We can say friction is a major hot air engine problem and be correct in a sense. But we can also say friction can be ignored with more power. Friction is only critical if you don't have enough force to defeat it. A lawnmower engine has plenty of internal friction, but it has magnitudes more power so it cuts grass.

Because most hot air engines I've seen amateurs build are very low power (even "Big" ones -- single digit watts and under) reducing friction is a big focus. That, and increasing burner efficiency. And pressurization to increase heat transfer in a denser fluid (compressed air).

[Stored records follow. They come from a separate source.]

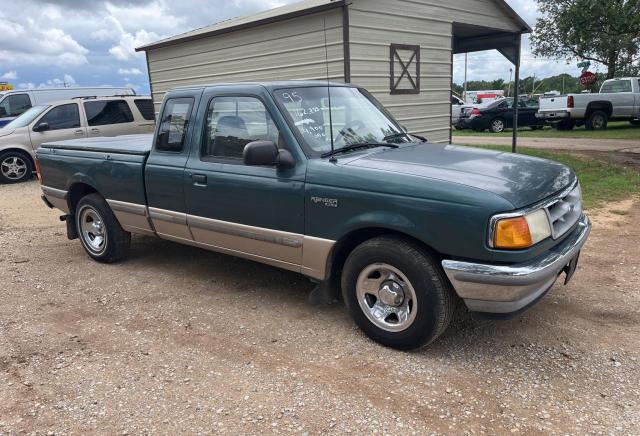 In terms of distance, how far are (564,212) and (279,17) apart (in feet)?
22.1

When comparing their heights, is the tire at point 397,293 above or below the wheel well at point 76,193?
below

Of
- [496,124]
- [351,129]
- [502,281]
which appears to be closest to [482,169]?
[502,281]

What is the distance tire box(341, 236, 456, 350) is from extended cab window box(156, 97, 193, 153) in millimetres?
2038

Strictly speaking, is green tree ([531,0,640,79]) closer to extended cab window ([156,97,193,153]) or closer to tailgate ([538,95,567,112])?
tailgate ([538,95,567,112])

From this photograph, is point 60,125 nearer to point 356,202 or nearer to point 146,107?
point 146,107

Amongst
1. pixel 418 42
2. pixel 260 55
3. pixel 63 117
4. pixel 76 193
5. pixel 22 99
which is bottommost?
pixel 76 193

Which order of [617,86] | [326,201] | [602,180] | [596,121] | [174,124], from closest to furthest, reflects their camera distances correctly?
1. [326,201]
2. [174,124]
3. [602,180]
4. [617,86]
5. [596,121]

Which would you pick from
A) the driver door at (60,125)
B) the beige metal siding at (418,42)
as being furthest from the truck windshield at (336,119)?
the driver door at (60,125)

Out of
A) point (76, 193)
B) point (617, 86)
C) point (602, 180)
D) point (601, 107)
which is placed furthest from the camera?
point (601, 107)

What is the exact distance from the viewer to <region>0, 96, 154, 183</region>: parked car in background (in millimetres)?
11633

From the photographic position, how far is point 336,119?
423 cm

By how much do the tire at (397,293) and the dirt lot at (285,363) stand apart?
166 mm

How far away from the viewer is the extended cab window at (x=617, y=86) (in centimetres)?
1912

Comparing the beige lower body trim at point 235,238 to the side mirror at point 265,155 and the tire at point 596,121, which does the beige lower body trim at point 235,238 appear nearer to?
the side mirror at point 265,155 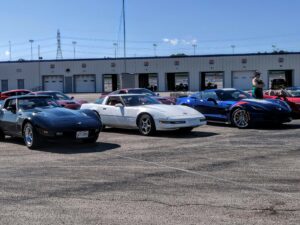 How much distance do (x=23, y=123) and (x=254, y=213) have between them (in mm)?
7261

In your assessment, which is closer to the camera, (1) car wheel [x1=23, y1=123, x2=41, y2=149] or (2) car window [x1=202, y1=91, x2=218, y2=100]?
(1) car wheel [x1=23, y1=123, x2=41, y2=149]

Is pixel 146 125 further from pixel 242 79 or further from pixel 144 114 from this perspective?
pixel 242 79

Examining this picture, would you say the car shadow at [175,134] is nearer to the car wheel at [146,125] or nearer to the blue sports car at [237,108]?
the car wheel at [146,125]

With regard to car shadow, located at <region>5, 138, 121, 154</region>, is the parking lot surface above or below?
below

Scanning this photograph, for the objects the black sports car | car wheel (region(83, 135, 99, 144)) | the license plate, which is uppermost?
the black sports car

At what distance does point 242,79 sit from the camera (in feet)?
205

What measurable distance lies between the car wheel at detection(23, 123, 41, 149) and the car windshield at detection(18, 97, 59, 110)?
→ 742 mm

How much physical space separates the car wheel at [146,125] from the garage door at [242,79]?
1991 inches

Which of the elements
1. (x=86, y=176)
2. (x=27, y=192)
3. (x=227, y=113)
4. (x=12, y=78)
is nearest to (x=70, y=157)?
(x=86, y=176)

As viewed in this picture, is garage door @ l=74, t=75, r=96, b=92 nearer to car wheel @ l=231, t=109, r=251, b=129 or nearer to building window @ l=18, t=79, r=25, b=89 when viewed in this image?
building window @ l=18, t=79, r=25, b=89

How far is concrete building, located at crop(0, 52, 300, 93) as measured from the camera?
6175 centimetres

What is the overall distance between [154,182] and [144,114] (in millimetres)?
6111

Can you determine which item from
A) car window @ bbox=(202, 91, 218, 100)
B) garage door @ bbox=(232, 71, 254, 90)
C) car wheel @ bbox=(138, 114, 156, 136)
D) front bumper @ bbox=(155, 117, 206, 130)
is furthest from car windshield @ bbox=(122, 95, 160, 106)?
garage door @ bbox=(232, 71, 254, 90)

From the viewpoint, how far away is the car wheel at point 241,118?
561 inches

The problem with this little engine is, not enough micro power to defeat the present micro amount of friction. Yet, a relatively huge amount of heat (the very small alcohol lamp flame....nevertheless, about 100 watts) is going into the system. Heat is not moving where and when it should. That's the real problem.

vtsteam:
Hermetic, happy wine and chocolates! :beer:

1.) I've used light oil on the piston and all bearings. Compression is slightly improved.
2.)I've sawed off the end of the base so I can now move the lamp. I also raised the engine 1/2' on a piece of wallboard. This makes the flame pointed instead of squashed out around the test tube.
3.)I've tried the engine without any regenerator material. I tried several different flame locations for that case.
4.)I've tried the engine with about an inch plug of regenerator material. I've moved that regenerator to several positions along the length of the tube.  I tried several different flame locations for that case.
5.) I've tried the engine with about an 3 inch plug of loosely packed regenerator material. I've moved that regenerator to several positions along the length of the tube.  I tried several different flame locations for that case.
6.) I haven't tried more tightly packed regen material yet.

Best action seemed to be exactly as pictured in other engines, with regen material about half the total length of the test tube, located a little more than a quarter length away from the aluminum cylinder. And with a small space open at the far end. Flame located right about where the regen starts. When I did that and flipped the flywheel, the engine took longer to slow to a stop, and seemed to want to continue toward the end.

Yes, the glass tube is socketed into the aluminum cylinder with an O-ring.